**TASK TO CARRY OUT**
From the entries below, please output exactly the lines starting at the one containing "Brudy Lab Focus" and ending at the one containing "YouTube ansehen Just", both included.

**DATA EXTRACT**
◆ ◆ ◆ ◆ ◆ ◆ ◆
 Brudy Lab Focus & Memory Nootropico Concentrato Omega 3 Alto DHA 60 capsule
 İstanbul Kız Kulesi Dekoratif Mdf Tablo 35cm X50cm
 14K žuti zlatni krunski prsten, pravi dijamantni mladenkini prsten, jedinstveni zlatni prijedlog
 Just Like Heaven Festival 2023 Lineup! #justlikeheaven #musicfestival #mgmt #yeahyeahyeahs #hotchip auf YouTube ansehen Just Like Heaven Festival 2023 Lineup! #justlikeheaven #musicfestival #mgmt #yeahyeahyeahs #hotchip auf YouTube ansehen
◆ ◆ ◆ ◆ ◆ ◆ ◆
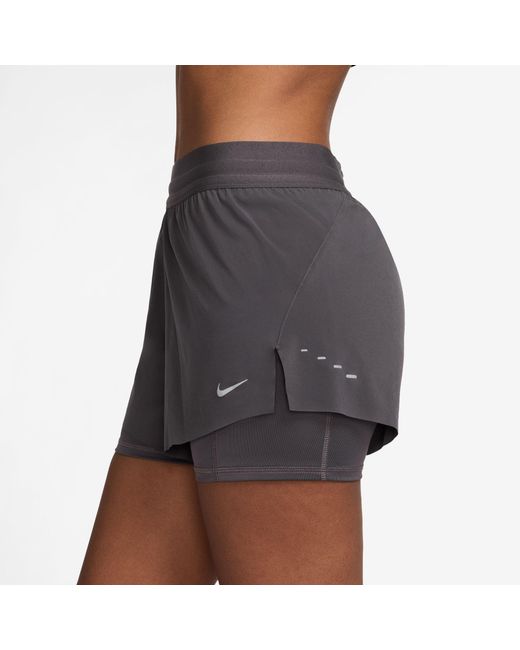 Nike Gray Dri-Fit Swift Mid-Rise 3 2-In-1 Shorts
◆ ◆ ◆ ◆ ◆ ◆ ◆
**RESPONSE AREA**
 Brudy Lab Focus & Memory Nootropico Concentrato Omega 3 Alto DHA 60 capsule
 İstanbul Kız Kulesi Dekoratif Mdf Tablo 35cm X50cm
 14K žuti zlatni krunski prsten, pravi dijamantni mladenkini prsten, jedinstveni zlatni prijedlog
 Just Like Heaven Festival 2023 Lineup! #justlikeheaven #musicfestival #mgmt #yeahyeahyeahs #hotchip auf YouTube ansehen Just Like Heaven Festival 2023 Lineup! #justlikeheaven #musicfestival #mgmt #yeahyeahyeahs #hotchip auf YouTube ansehen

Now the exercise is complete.